**Task to carry out:**
Nothing but the lines from the one containing "3828 S Sequoia" through the end of the data below should appear in the answer, each exact and free of pictures.

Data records
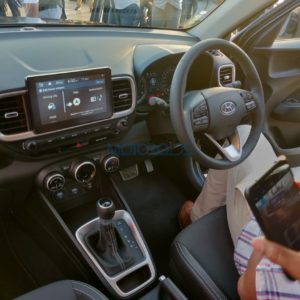 Hyundai Venue cockpit up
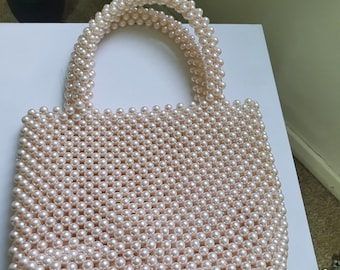 Een prachtige handtas gemaakt van parels.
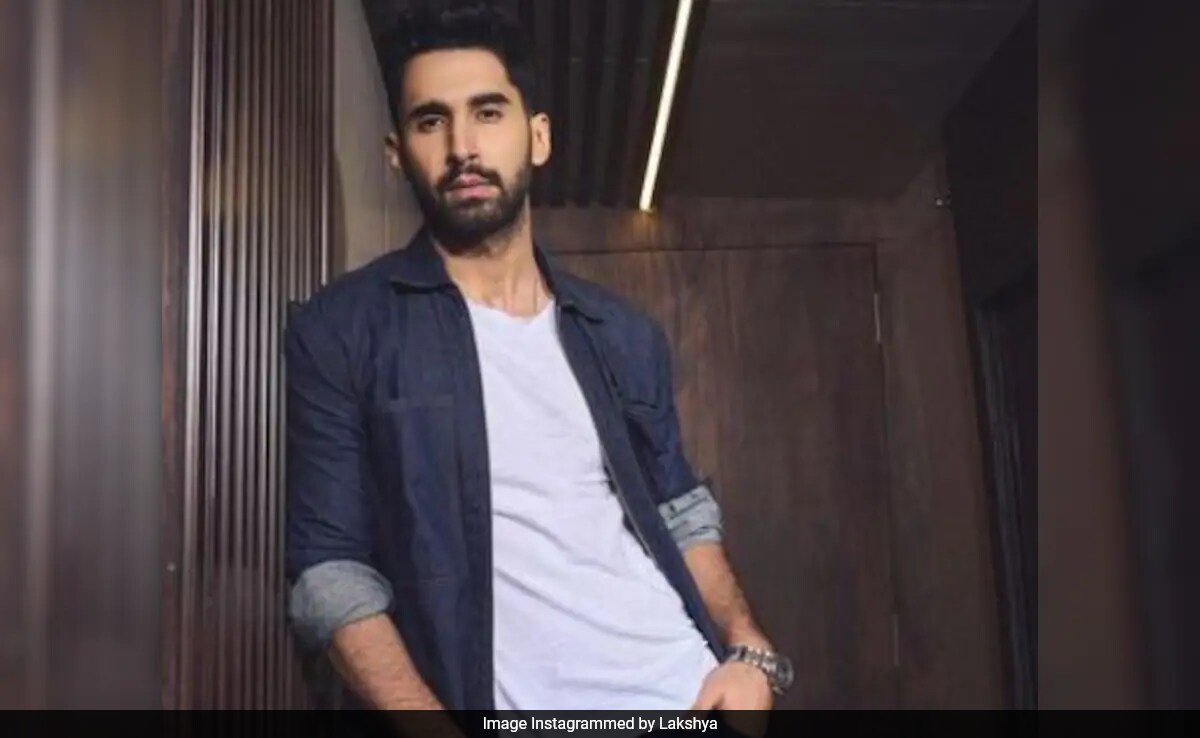 What Advice Karan Johar Gave To <i>Kill</i> Actor Lakshya When He Refused To Be Clicked By The Paps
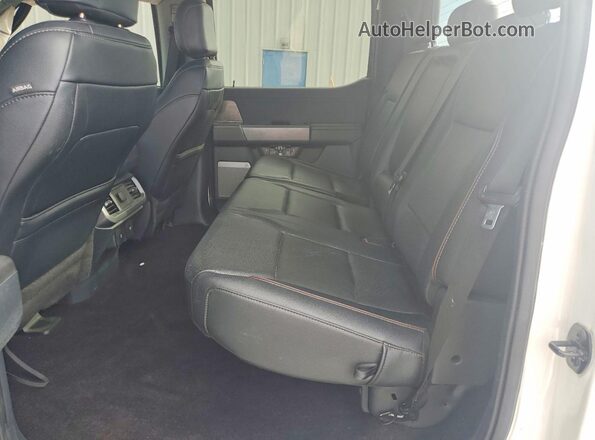 1FTFW1EDXMFD08970 2021 FORD F150 White Vista de los asientos traseros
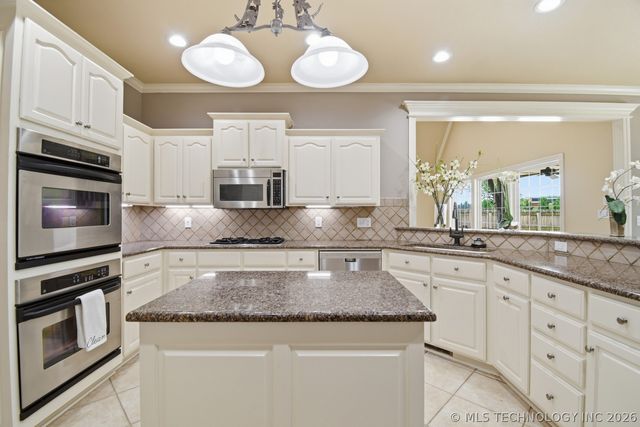 3828 S Sequoia Avenue, Broken Arrow, OK 74011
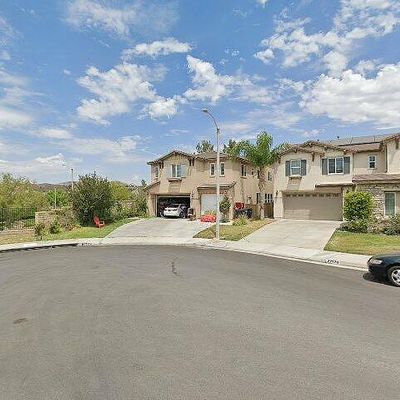 27176 Cherry Laurel Pl, Canyon Country, CA 91387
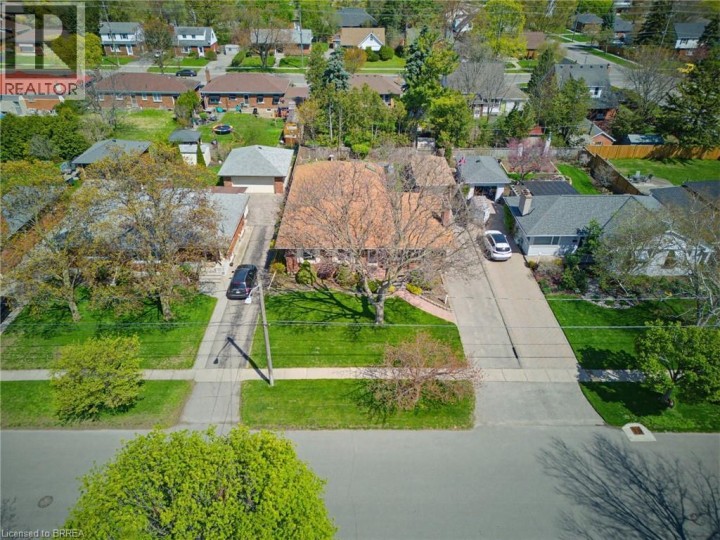 Photo 5 at 90 Henderson Avenue, Queensway / Grove, Brantford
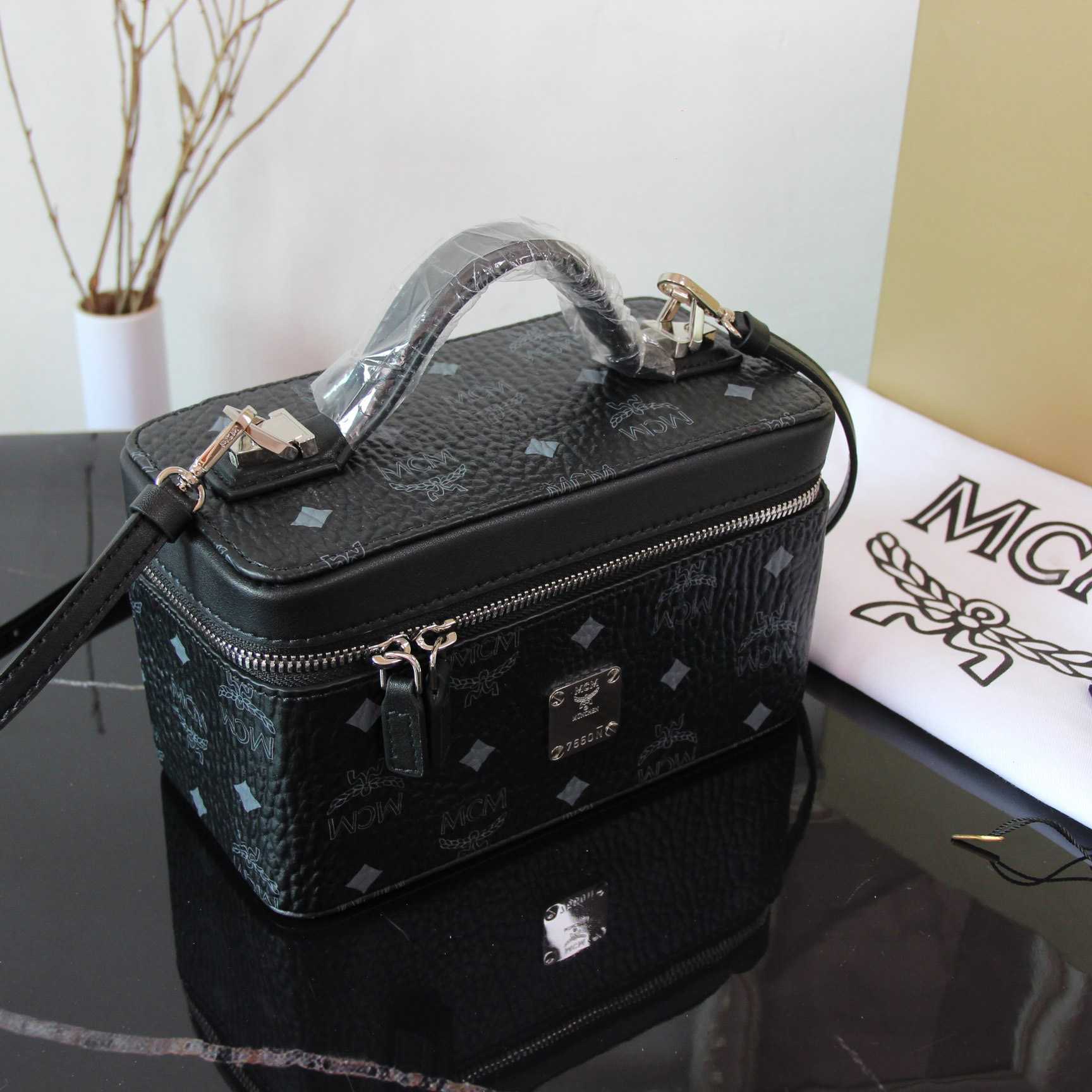 MCM Rockstar Viesto Vanity Tote Bag (11*20*10cm) - DopestKickz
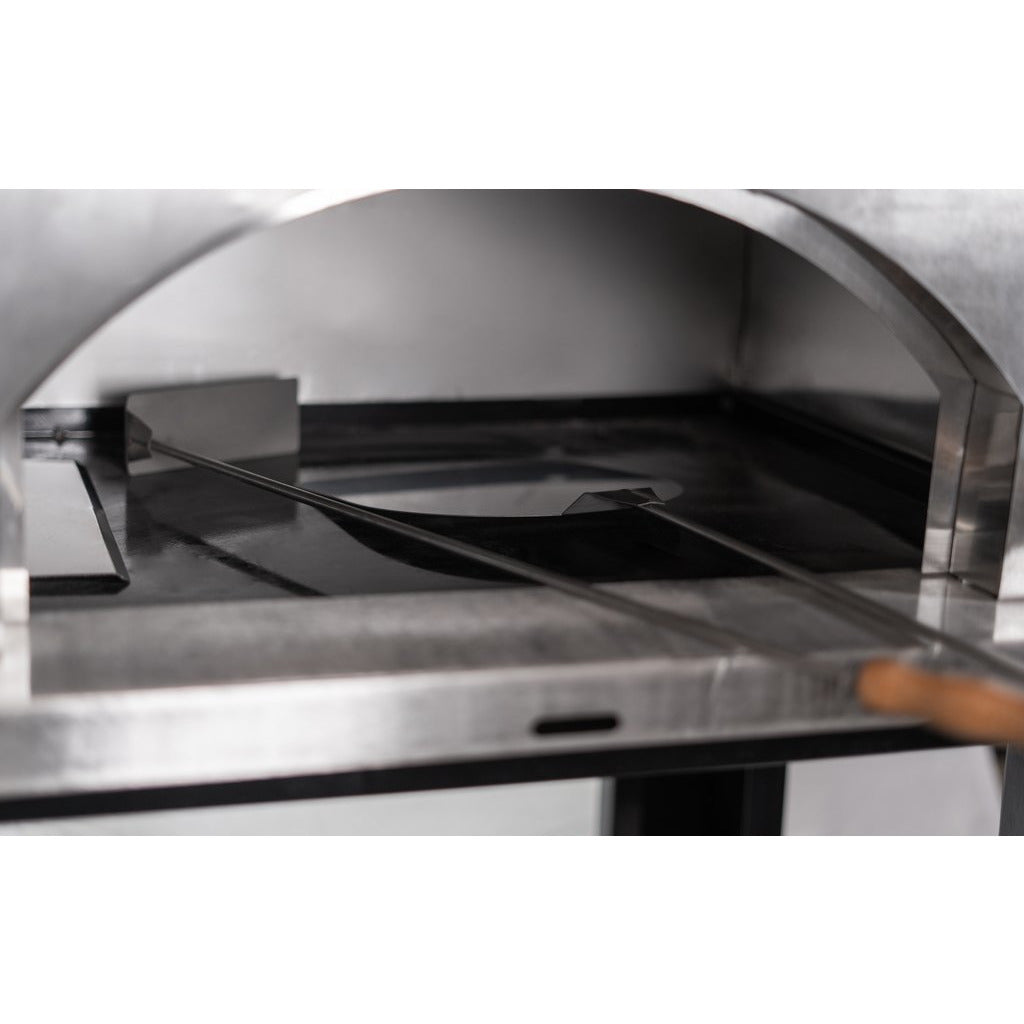 Ñuke Pizzero Pizza Oven Interior with peel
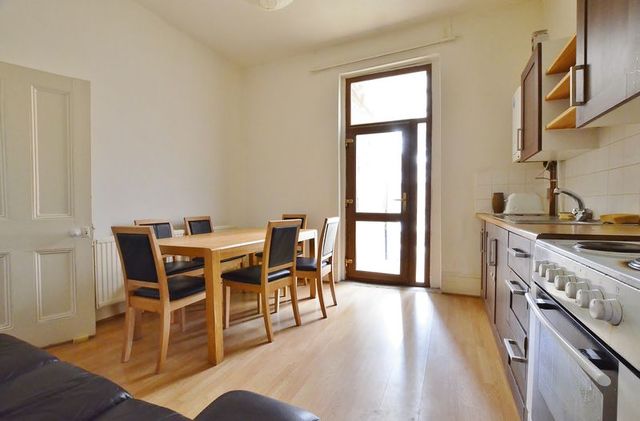  Image of 4 bedroom Terraced house to rent in Reedholm Villas London N16 at Albion Road  Newington Green, N16 9LP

**Response box:**
 3828 S Sequoia Avenue, Broken Arrow, OK 74011
 27176 Cherry Laurel Pl, Canyon Country, CA 91387
 Photo 5 at 90 Henderson Avenue, Queensway / Grove, Brantford
 MCM Rockstar Viesto Vanity Tote Bag (11*20*10cm) - DopestKickz
 Ñuke Pizzero Pizza Oven Interior with peel
  Image of 4 bedroom Terraced house to rent in Reedholm Villas London N16 at Albion Road  Newington Green, N16 9LP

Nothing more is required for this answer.